● **WHAT YOU ARE ASKED TO DO**
Word for word, copy the data that follows and skip its pictures.

● **STORED DATA**
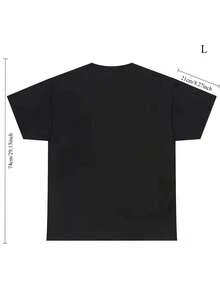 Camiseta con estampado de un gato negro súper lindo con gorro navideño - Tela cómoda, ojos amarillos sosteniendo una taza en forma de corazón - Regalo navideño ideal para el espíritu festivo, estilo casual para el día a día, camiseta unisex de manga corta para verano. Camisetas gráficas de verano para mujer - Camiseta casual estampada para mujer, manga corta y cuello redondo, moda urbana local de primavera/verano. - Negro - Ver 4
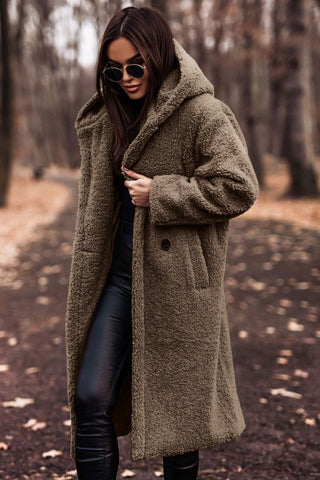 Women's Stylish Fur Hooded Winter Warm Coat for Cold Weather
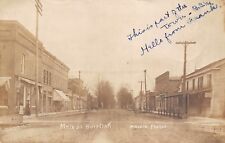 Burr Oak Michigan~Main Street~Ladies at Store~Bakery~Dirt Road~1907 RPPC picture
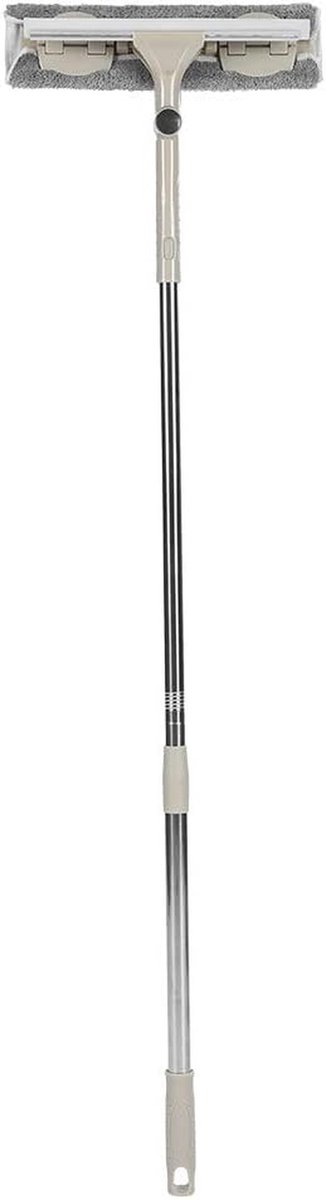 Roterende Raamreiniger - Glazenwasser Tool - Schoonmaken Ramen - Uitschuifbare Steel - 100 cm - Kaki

● **OUTPUT**
 Camiseta con estampado de un gato negro súper lindo con gorro navideño - Tela cómoda, ojos amarillos sosteniendo una taza en forma de corazón - Regalo navideño ideal para el espíritu festivo, estilo casual para el día a día, camiseta unisex de manga corta para verano. Camisetas gráficas de verano para mujer - Camiseta casual estampada para mujer, manga corta y cuello redondo, moda urbana local de primavera/verano. - Negro - Ver 4
 Women's Stylish Fur Hooded Winter Warm Coat for Cold Weather
 Burr Oak Michigan~Main Street~Ladies at Store~Bakery~Dirt Road~1907 RPPC picture
 Roterende Raamreiniger - Glazenwasser Tool - Schoonmaken Ramen - Uitschuifbare Steel - 100 cm - Kaki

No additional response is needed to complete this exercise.